== Recorded data ==
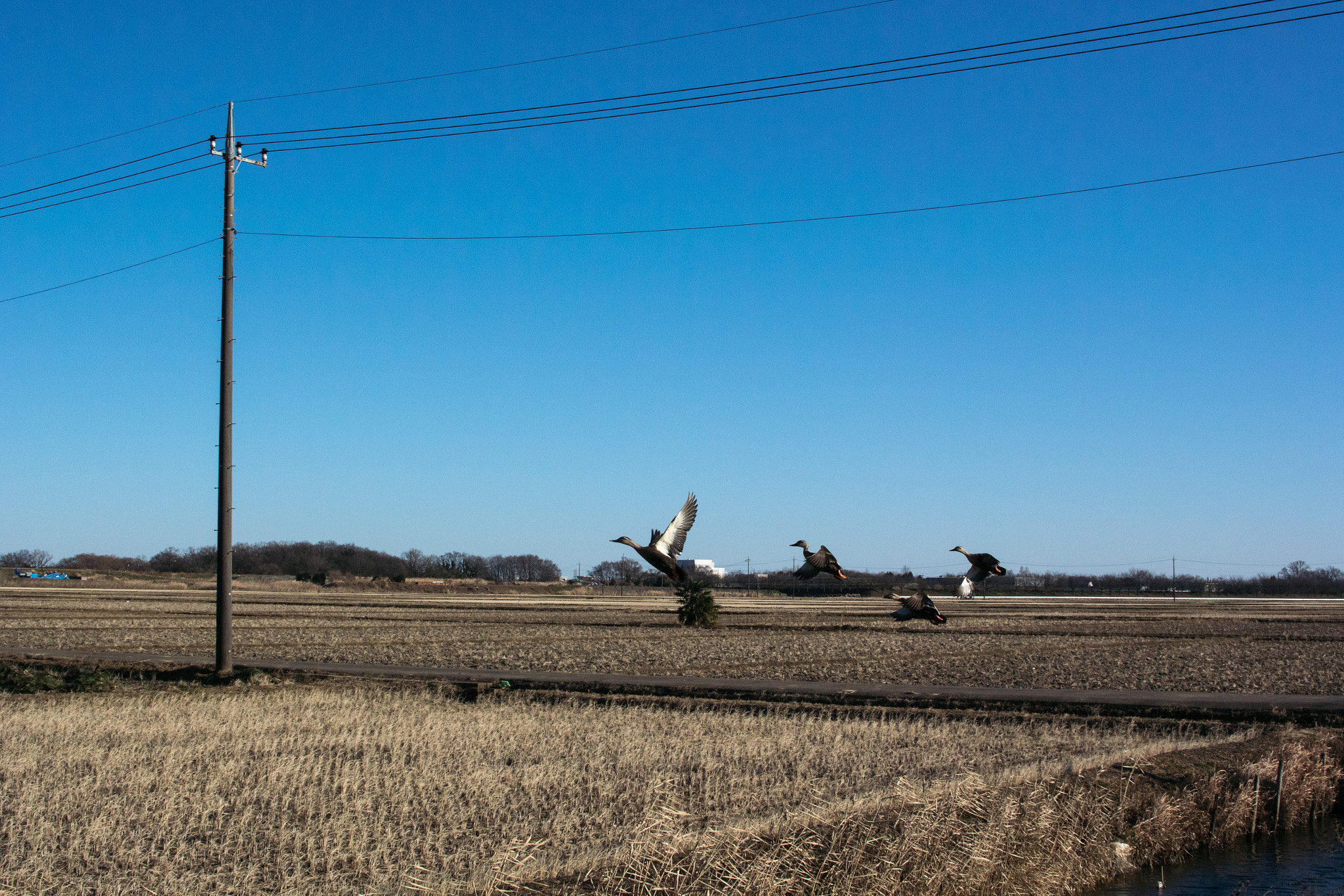 Nikon 1 V3 sample photo. Ducks taking off photography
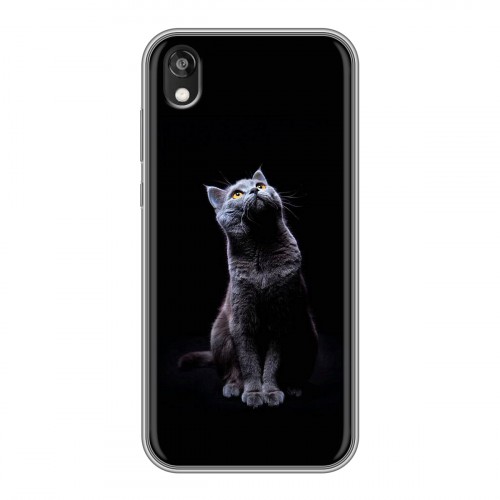 Дизайнерский силиконовый чехол для Huawei Honor 8s Коты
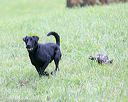 20150913-seal-0163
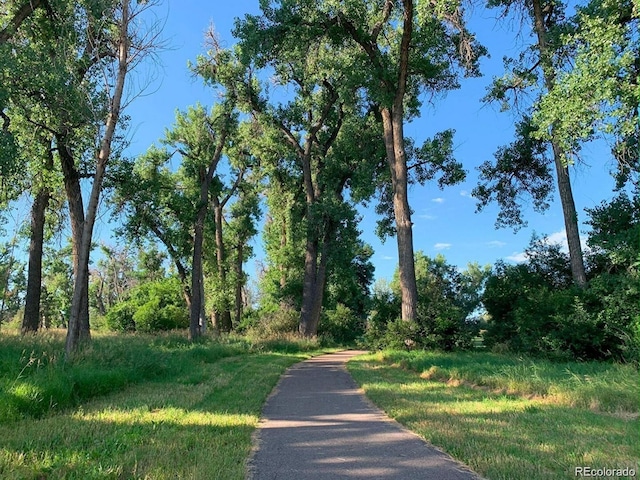 6243 S Elati St, Littleton, CO 80120 - view of road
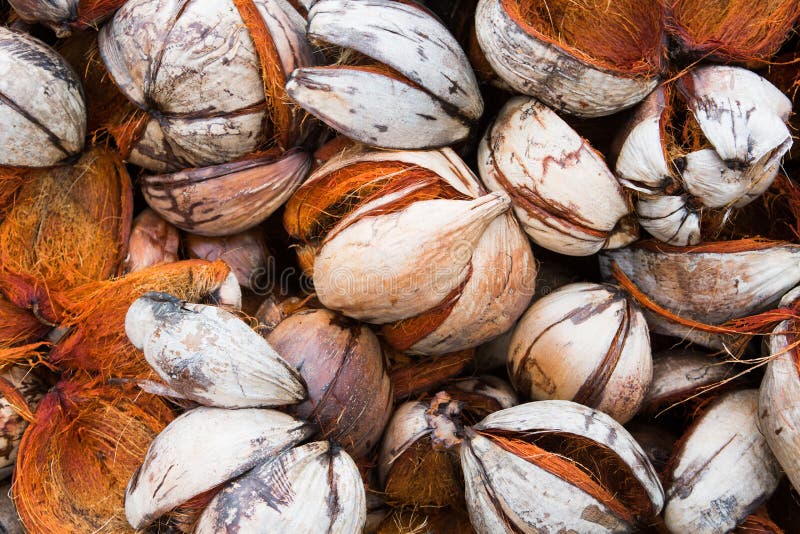 Pile of discarded coconut husk in coconut farm, Thailand royalty free stock images
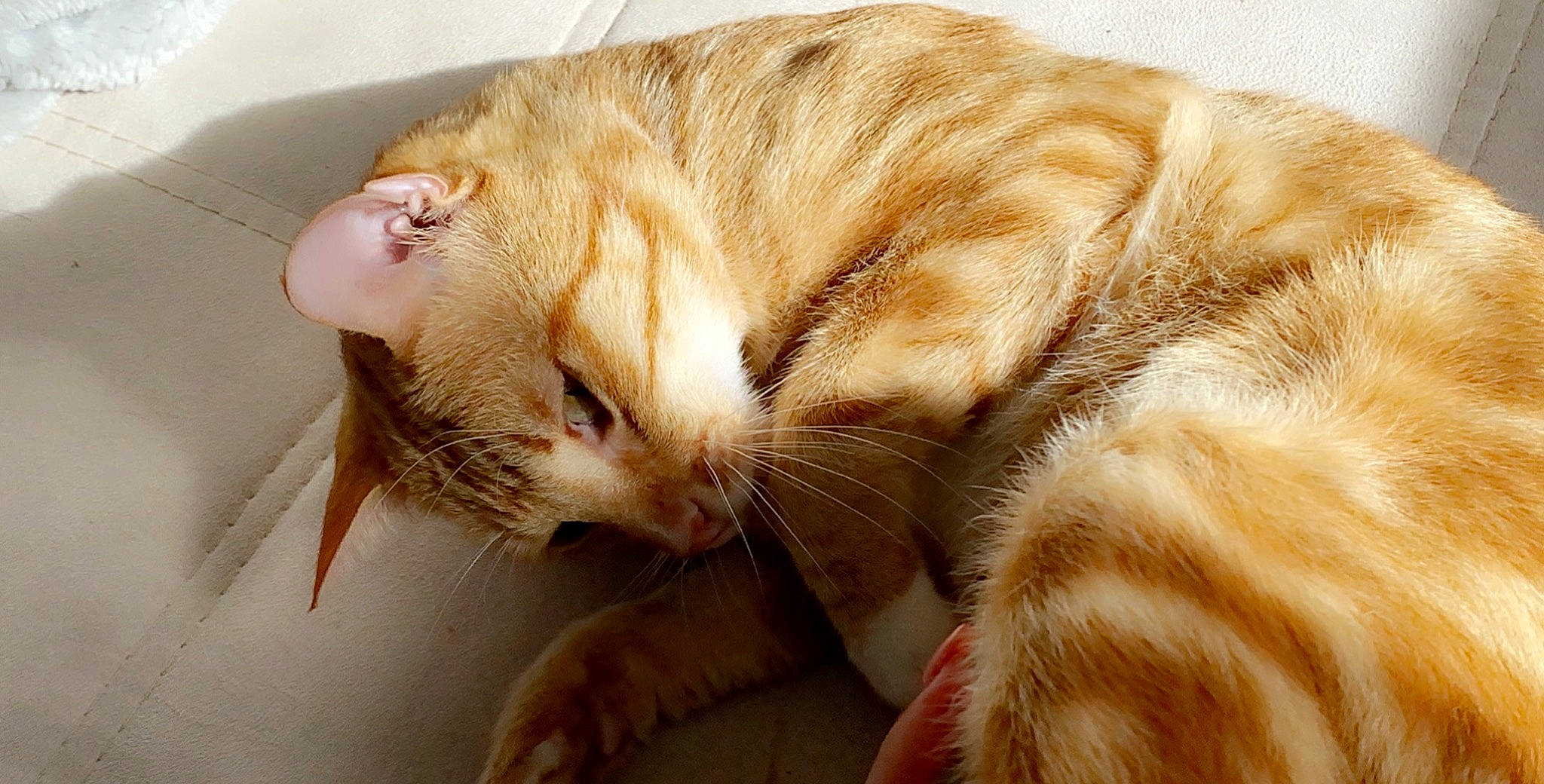 Khali a rejoint le concours — aidez-le/la à gagner de superbes lots ! arabian_mau, asian, carnivore, cat, domestic_short_haired_cat, ear, european_shorthair, fawn, felidae, fur, kitten, small_to_medium_sized_cats, snout, tabby_cat, tail, whiskers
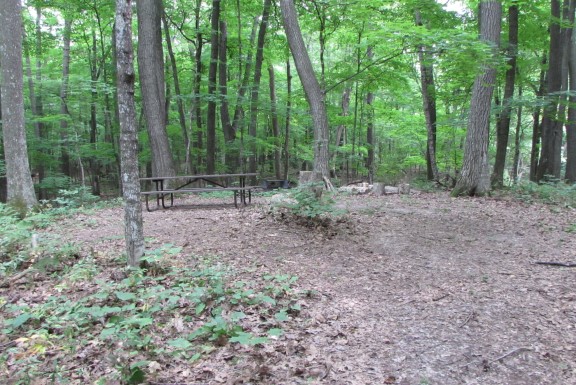 Site 9, photo 2 of 4 · from wisconsin.goingtocamp.com (the park's booking system)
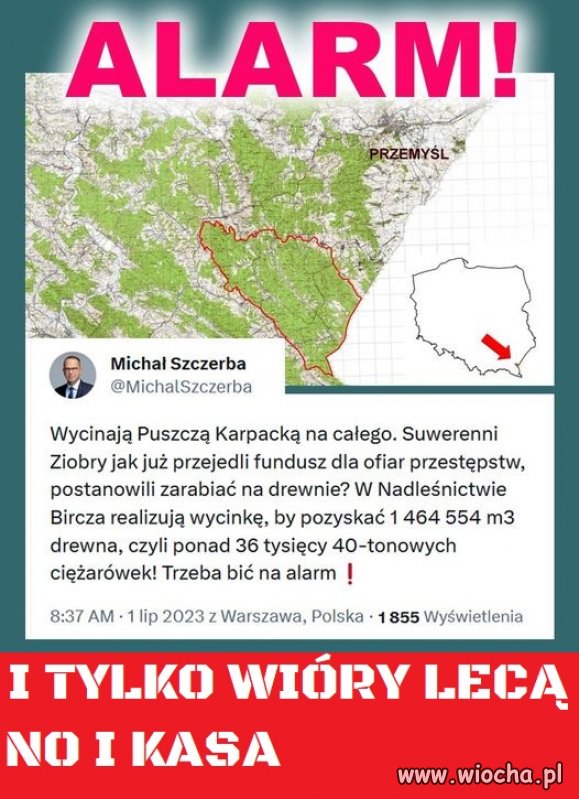 Rżną aż miło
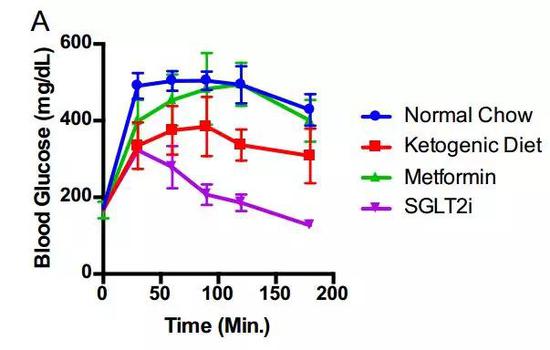 生酮饮食（绿）和SGLT2抑制剂（紫）降糖效果都不错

== Work to complete ==
A word-for-word repeat is expected of the lines from the one with "Дизайнерский силиконовый чехол" to the end of the data, both included; pictures are not part of it.

== Exercise response ==
 Дизайнерский силиконовый чехол для Huawei Honor 8s Коты
 20150913-seal-0163
 6243 S Elati St, Littleton, CO 80120 - view of road
 Pile of discarded coconut husk in coconut farm, Thailand royalty free stock images
 Khali a rejoint le concours — aidez-le/la à gagner de superbes lots ! arabian_mau, asian, carnivore, cat, domestic_short_haired_cat, ear, european_shorthair, fawn, felidae, fur, kitten, small_to_medium_sized_cats, snout, tabby_cat, tail, whiskers
 Site 9, photo 2 of 4 · from wisconsin.goingtocamp.com (the park's booking system)
 Rżną aż miło
 生酮饮食（绿）和SGLT2抑制剂（紫）降糖效果都不错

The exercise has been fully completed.